Our port of call today was Dublin, the Republic of Ireland's capital. Once again, Tim and I are headed into the countryside, not into Dublin. It’s not that I dislike visiting cities – in fact, I’ve toured quite a few on this cruise. I just tend to enjoy the country more. Add in a famous garden, and I was sold on a tour to County Wicklow.
Our tour today almost didn’t happen. When we were selecting Viking tours, Tim and I had signed up for the Discover County Wicklow optional shore excursion. Shortly after embarking on the British Isles Explorer portion of our cruise, however, we were informed that our tour had been cancelled. We decided to wait to book another tour and play things by ear.

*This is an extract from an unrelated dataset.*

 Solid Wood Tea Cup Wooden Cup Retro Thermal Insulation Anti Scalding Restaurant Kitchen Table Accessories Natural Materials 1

After several days of experiencing the pleasure of private tours, we decided to check and see what private tour options might be available in Dublin. Viatour listed a similar tour to the one we had originally booked, and we immediately signed up for it. We would have a private guide for just Tim and me, and the cost was less than the Viking tour.
Dairine Nuttall, who has been guiding tours in Dublin and the surrounding area for ten years, picked us up after we tendered to shore. It’s been interesting – we had no tender ports on our Viking Homelands cruise, while almost one-third of the British Isles Explorer ports have required tenders. No matter, it’s usually a nice ride.
Dairine had asked us beforehand about our interests and what we’d like to see, but we had done no research since we thought we’d be taking a Viking tour. Instead, we told her we loved gardens, scenic drives, historic buildings, and archeology, and she came up with a perfect tour for us.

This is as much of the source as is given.